2013-05-11 Thread ant elder
Actually I wasn't thinking it would be you Benson who talked to the
board. There are several directors here including a couple on this
thread who've said they support trying this so i thought they could
bring it up informally at the upcoming meeting just to get us an idea
if this is something the board would entertain at all.

I agree with you that there are a lot of details that would need to be
worked out, but right now it doesn't look like anyone is doing that
work so getting some feedback from the board, even if its just maybe
but we need more details, could help motivate getting that work done
and coming up with a complete proposal. If the board sounded
interested i'd help getting to that and it sounds like there are a few
others here who would too.

I also agree that there isn't consensus in the Incubator PMC to do
this, but I'm not sure we need it. If we come up with a process and
proposal that the board is happy with and poddlings to be guinea pigs
then we don't really need a unanimous Incubator PMC vote to go ahead.
And its just an experiment, so its a much more gentle approach than
the other big bang changes being proposed.

So what does anyone else think, is this worth trying? Greg
specifically, you were keen we try this earlier on in the thread so is
this something you could get us some feedback from the board about?

   ...ant

On Sat, May 11, 2013 at 1:40 PM, Benson Margulies bimargul...@gmail.com wrote:

 I'm not going to ask the May board meeting anything. There's no
 consensus of this community on 'probationary projects', and, more to
 the point, there are a host of details required to make that a viable
 proposal and no one has filled them in. As I wrote in the report, I
 plan to have a discussion with the board in June if we aren't making
 progress.

 A real experiment with 'probationary projects' would have to model the
 entire process of a new project launching with  _no IPMC_ to
 participate in any way.

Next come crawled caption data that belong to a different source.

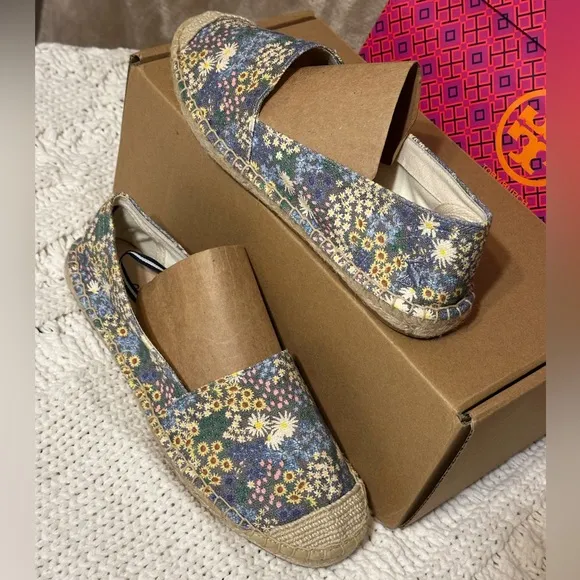New NWT Joules shelbury 7 slip on shoe 38 espadrille floral print blue tan white
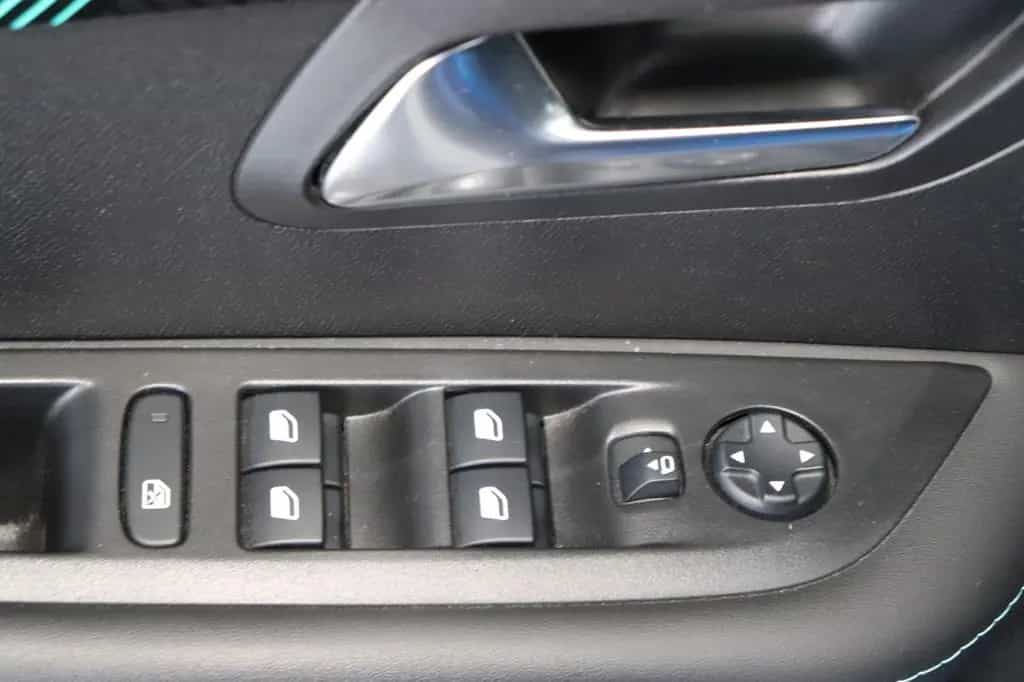 Peugeot 208 1.2i Allure Pack * HU / AU: neu 02/2022-photo-37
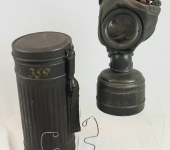 German M31 Gasmask and Carrier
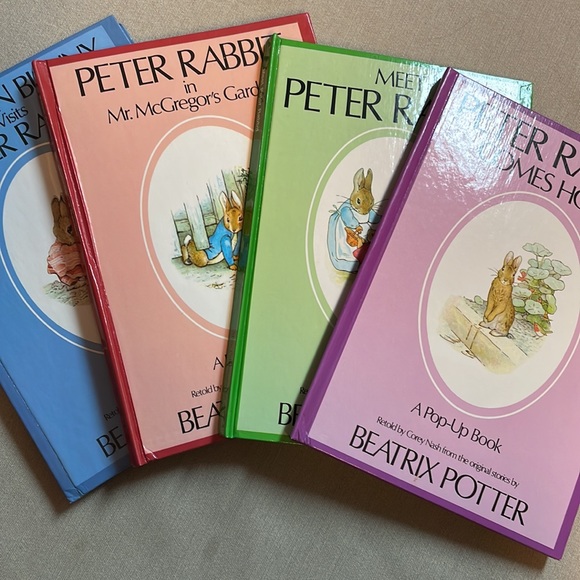 NOT ELIGIBLE FOR BUNDLE SALE      4-Book Boxed Set of Peter Rabbit Pop-Up Books - Picture 3 of 15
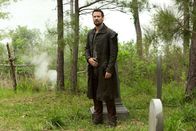 Salem – Hat John (Shane West) auf Anraten von Tituba wirklich eine Waffe gegen den gefallenen Engel erschaffen oder nutzt sie den Krieger lediglich für ihre ganz eigenen Zwecke?
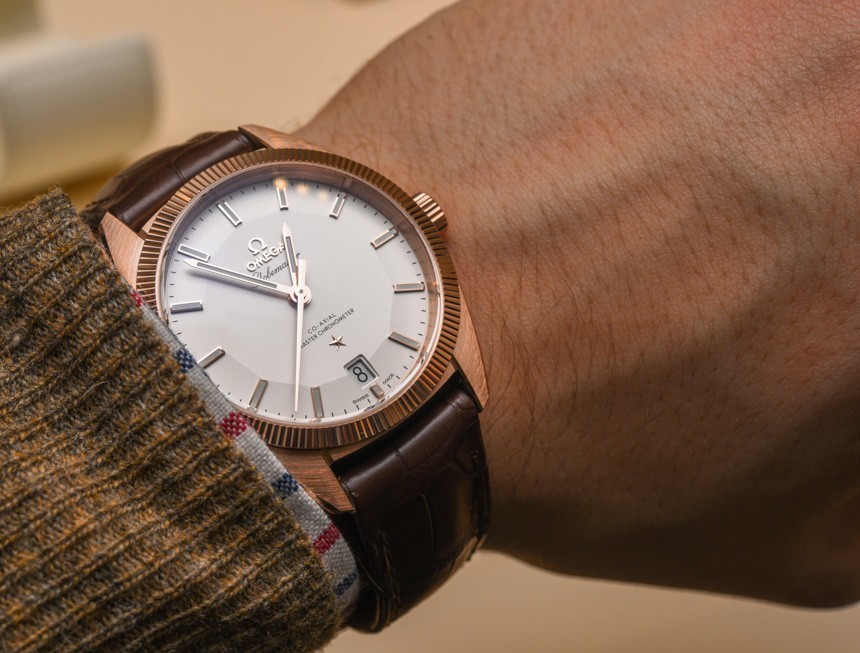 Omega-Globemaster-Co-Axial-Master-Chronometer-hands-on-1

Taking a proposal that has been groomed and
 vetted at the IPMC and then launching the resulting project to the
 board is purely an experiment in board supervision. I'm not going to
 bring the board a proposal to increase their workload based on my
 personal judgement, and there's no consensus here, today, that it's a
 good idea, since there are several people who are eloquently opposed.

 My personal thought is this: new project creation is not a 'project',
 it's a function of the Foundation. If the committee currently
 constituted by the board to handle this isn't working well enough, and
 can't agree on what to do, it is an issue for the board to consider.
 The board could decide to keep what we are, arguments and all. It
 could constitute a small (and thus consensus-prone) committee to
 survey the terrain and make a recommendation. It could tell the whiney
 VP to JFDI -- make some decisions and get on with it. (Consensus is
 desirable, but read one of the board resolutions that installs a VP.)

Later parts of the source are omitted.